If you wanted to get into somebody else's e-mail, you would think there would be some software that could do it for you. Right? I did a little searching and found a program called the "Password Recovery Toolkit". That sounded real promising. It is distributed by AccessData. The marketing hype on their web site did not help me understand what exactly this software did.

I dug a little deeper into this program offering. In fact, I read a lot of the user manual which is available online. The installation requires a runtime called CodeMeter to be installed on your computer. However the AccessData site gives you instructions on how to bypass this restriction. They get you to hack your Windows registry. Sounds like my kind of company.

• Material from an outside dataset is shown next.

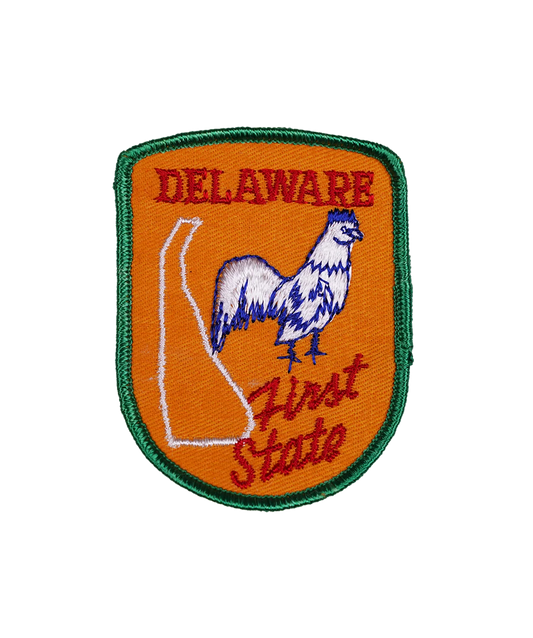 Vintage Delaware Embroidered Patch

The buzzwords for this program sound right. Its job is to "recover passwords quickly and easily". Sign me up. However reading further I found that this product is targeted for law enforcement professionals, or maybe security professionals. That doesn't sound like me. I am just looking for how I can crack some arbitrary email account password. The more I read, the more I got the feeling that this product is for somebody who used a password when encrypting a file on their machine, and then forgot that password.

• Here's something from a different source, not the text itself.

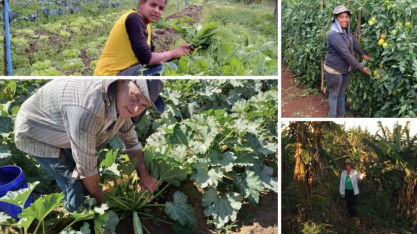 Dia do Agricultor: SP Produz destaca a força da agricultura familiar paulista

I am trying to download an evaluation copy of the Password Recovery Toolkit. However it is taking forever. It is still only 55% complete. And I fear that the software might require the use of a dongle. You know. That is some hardware key you have to plug into your computer so that you do not illegally copy and use the software. Bummer. I wanted to try an evaluation copy. I will give you an update if I ever get this software to download and run.

Hacking Gmail

It was getting late. I was supposed to be studying for a college test we are taking tomorrow. But I just could not get in the mood. So I decided to waste my time reading Reddit. I like checking the links in the programming section. That is where I came across an interesting link to a post about scripting Gmail.

The author of an article showed some tricks on how to script Gmail. For example, he wrote a small script to create a page with links to all your unread Gmail mail. This guy seems to have some handy skills with Gmail. But here is the kicker. Almost all the comments on his page were requests for help on hacking e-mail accounts.

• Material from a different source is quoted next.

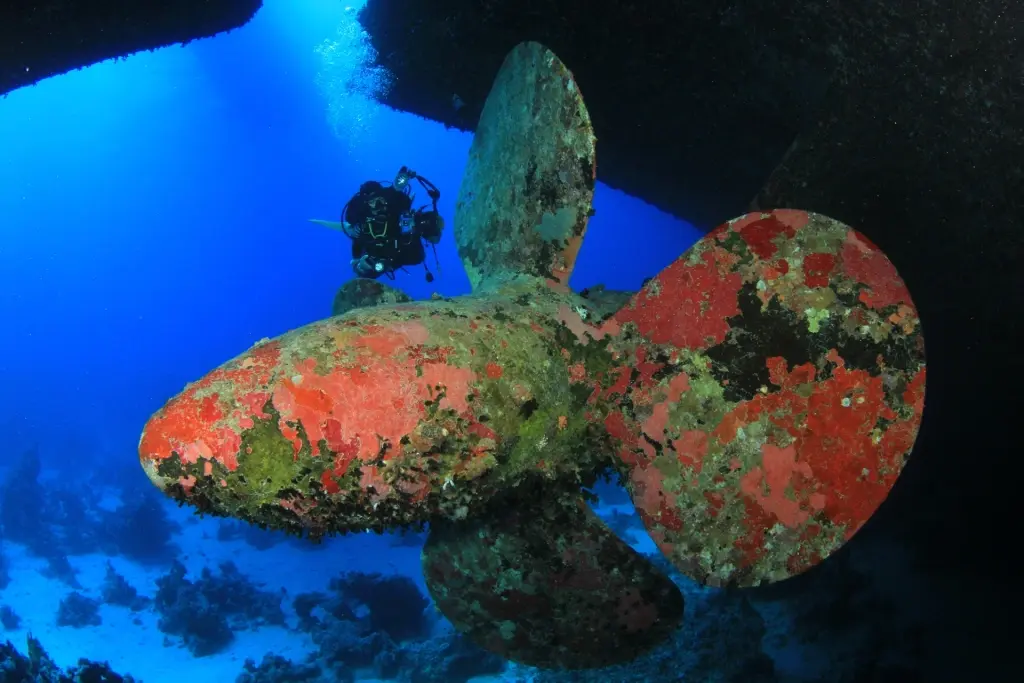 Propeller of the Salem Express wreck in Safaga, Egypt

This poor guy just has some scripting skills in the Gmail environment. He can't hack anybody's account to get their password. But the response to his article has been a multitude of requests for assistance hacking some accounts. I am going to invite each of these posters to come read my blog. If you are one of the people I have personally invited, then welcome.

Crackulous for Sale

Different mass media sources alerted me to the fact that a program named Crackulous for ten bucks. This application cracks iPhone applications and lets you download and run them for free. The media was surprised that a guy who developed cracking software would be concerned about people cracking his own software and not paying for it. I agreed that it seemed a bit hypocritical.

I decided to try to Google the product to find more information about it. This is where I was surprised upon learning that this software was actually developed by another team of developers at Hackulous. Apparently the guy selling the software had stolen the application himself, and was turning around and trying to sell software that he himself had not developed.

Now I find all of this amusing. Yes it is a shame that somebody took someone else’s software and started selling it as his own. But come on. We are talking about software to crack iPhone applications. No there does not seem to be any honor among thieves.

It is hilarious to see the outrage by readers of the Hackulous site. What do you expect? You are on a site that has posted a free application to steal iPhone software. Don’t be surprised if somebody robs you too. Of course I am making a judgment call here. I am saying that you lose some respect and/or rights when you write software that is itself performing illegal activities.

I guess everybody needs to be worried about piracy. That includes developers who write software to pirate other software. Does anybody else see the humor in this? At least the mainstream media guys found it odd that the guy who stole the software was complaining about people stealing his stolen software. LOL.